A fine marzo, i banchi del mercato si riempiono di mazzi di asparagi freschi, con le punte serrate e il gambo ancora umido di terra. È il segnale che la primavera è davvero arrivata, e con lei uno degli abbinamenti più classici della cucina italiana: il risotto agli asparagi. Cremoso, profumato, con quel verde brillante che porta luce anche nei giorni ancora grigi, questo piatto è la risposta perfetta a chi cerca qualcosa di raffinato senza rinunciare alla semplicità.
La versione proposta qui rispetta la tradizione veneta e lombarda — dove il risotto agli asparagi ha radici profonde — ma con alcune attenzioni tecniche che fanno la differenza tra un piatto ordinario e uno davvero memorabile. In venti minuti di cottura attiva, partendo da un brodo già caldo, si ottiene un risotto all'onda, ossia con quella consistenza fluida e vellutata che si muove nel piatto come una piccola onda. Allacciate il grembiule.
| Preparazione | 10 min |
| Cottura | 20 min |
| Porzioni | 4 persone |
| Difficoltà | Facile |
| Costo | €€ |
| Stagione | Asparagi freschi di primavera (marzo–maggio) |
Adatto a: Vegetariano · Senza glutine (verificare il brodo utilizzato)
Ingredienti
- 320 g di riso Carnaroli (o Vialone Nano)

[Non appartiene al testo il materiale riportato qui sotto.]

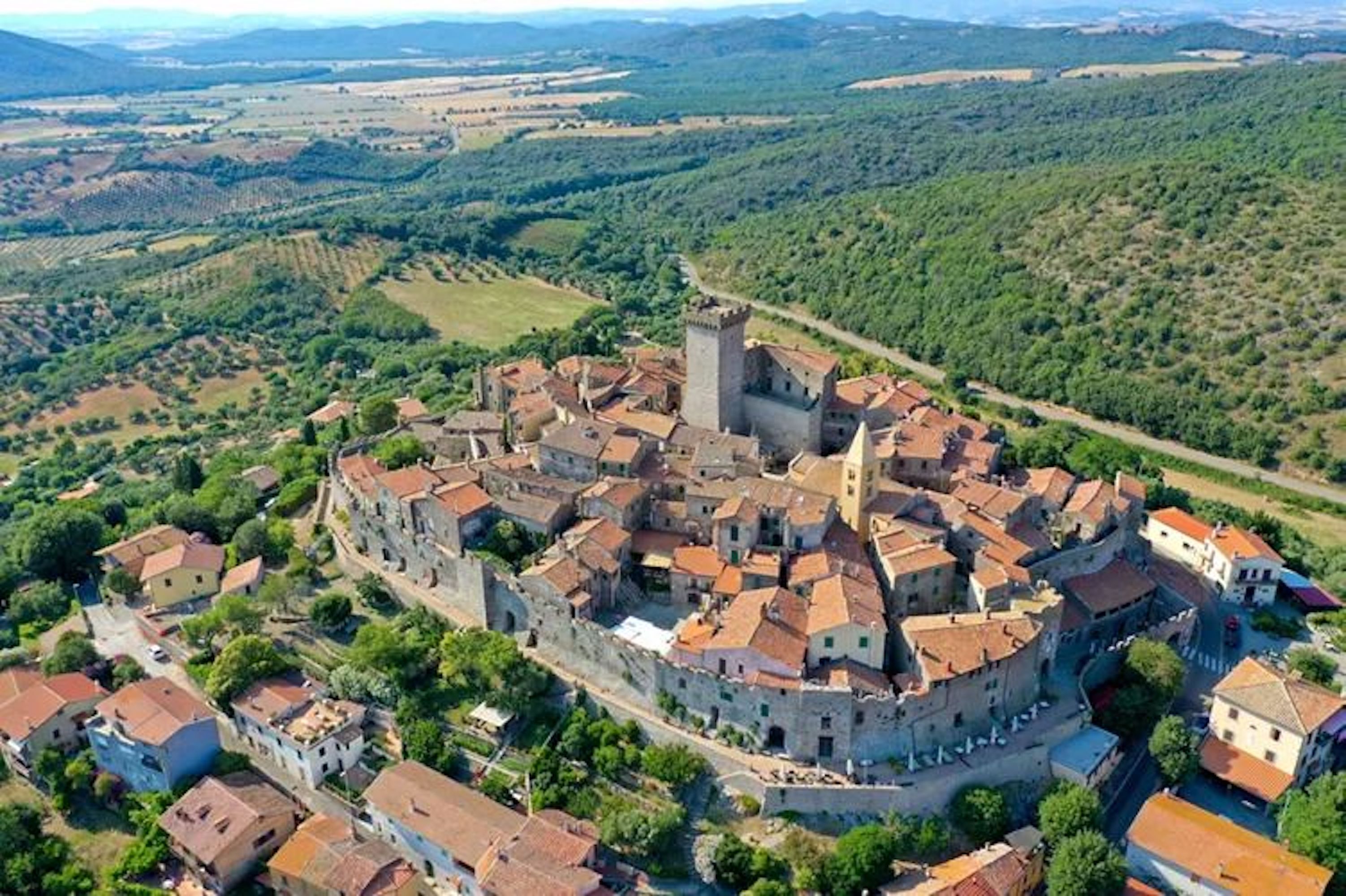 An aerial view of a historic town with a central castle, surrounded by traditional buildings and lush greenery.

- 500 g di asparagi freschi di stagione
- 1,2 l di brodo vegetale caldo (preparato con sedano, carota, cipolla)
- 1 cipollotto fresco (o mezza cipolla bianca)

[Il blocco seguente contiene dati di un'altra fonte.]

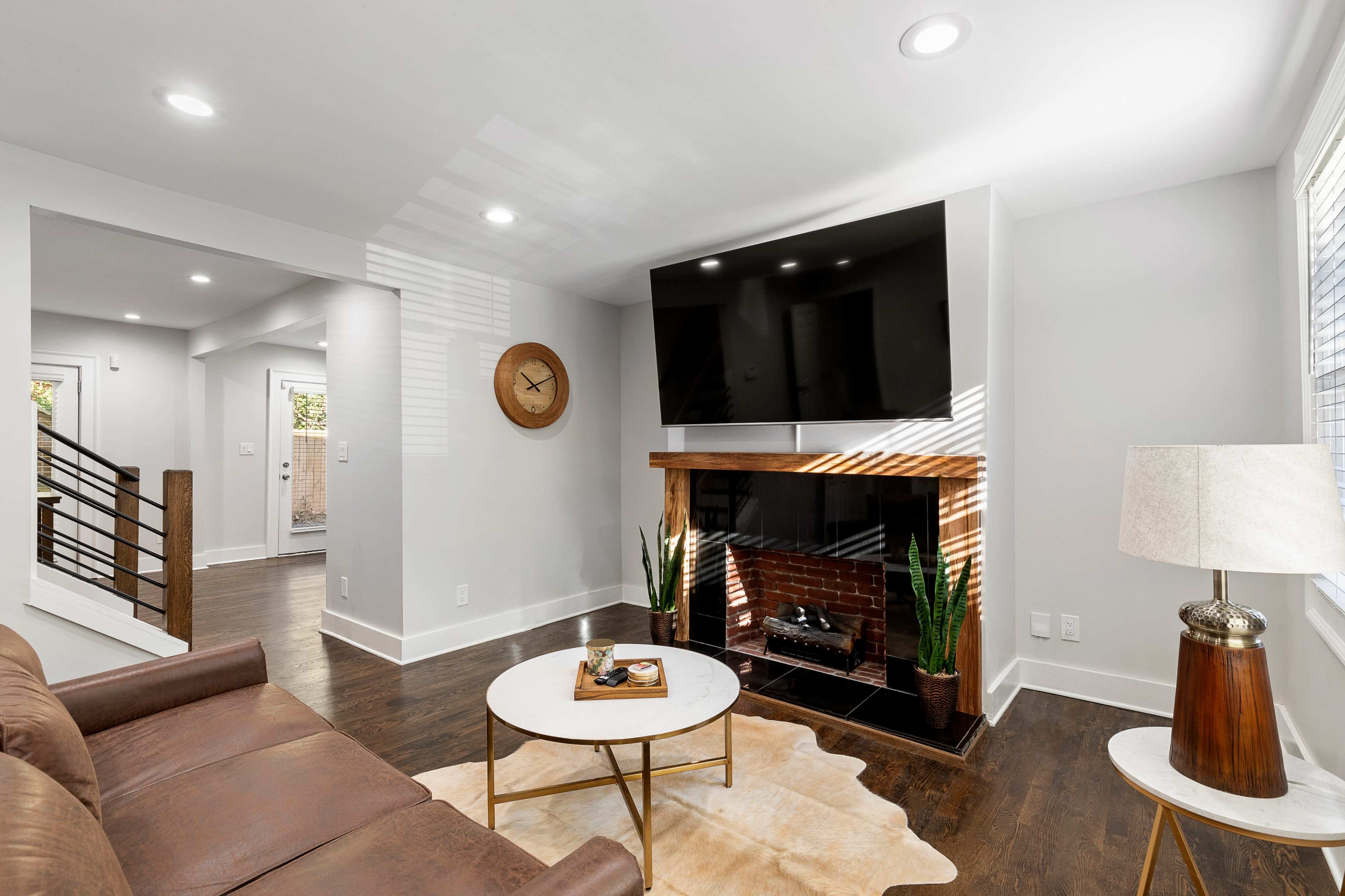 A modern living room with a brown leather sofa, a round coffee table, a wall-mounted television above a brick fireplace, and plants in the corner.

- 80 ml di vino bianco secco
- 60 g di Parmigiano Reggiano grattugiato
- 50 g di burro freddo, tagliato a cubetti
- 3 cucchiai di olio extravergine d'oliva
- Sale fino q.b.
- Pepe bianco macinato al momento q.b.
Utensili
- Casseruola larga e dai bordi alti (almeno 24 cm)
- Pentolino per il brodo
- Mestolo da cucina
- Coltello da chef
- Tagliere
- Grattugia a fori fini per il Parmigiano
- Pinze da cucina (opzionali, per le punte di asparagi)
Preparazione
1. Preparare gli asparagi
Lavate gli asparagi sotto acqua corrente fredda e asciugateli con un canovaccio pulito. Eliminate la parte finale del gambo — quella più fibrosa e coriacea — semplicemente piegando ogni asparago con le mani: si spezzerà naturalmente nel punto giusto. Con un pelapatate, rimuovete delicatamente la pellicola esterna dei gambi più grossi, partendo da circa 4 cm sotto la punta verso il basso. Tagliate le punte degli asparagi a una lunghezza di circa 4–5 cm e tenetele da parte: serviranno come guarnizione finale. Il resto dei gambi va tagliato a rondelle di circa 1 cm. Questa separazione non è solo estetica — le punte cuociono più rapidamente e meritano una cottura delicata per restare croccanti e brillanti.
2. Scaldare il brodo e tenere tutto a portata di mano
Versate il brodo vegetale nel pentolino e portatelo a una temperatura appena sotto il punto di ebollizione — deve essere caldo ma non bollente furioso. Tenere il brodo freddo è uno degli errori più comuni: aggiungerlo freddo al riso interrompe la cottura e rende il risotto colloso invece che cremoso. Il brodo caldo invece viene assorbito gradualmente, cedendo gli amidi al momento giusto. Mantenete il pentolino sul fuoco a fiamma minima per tutta la durata della cottura.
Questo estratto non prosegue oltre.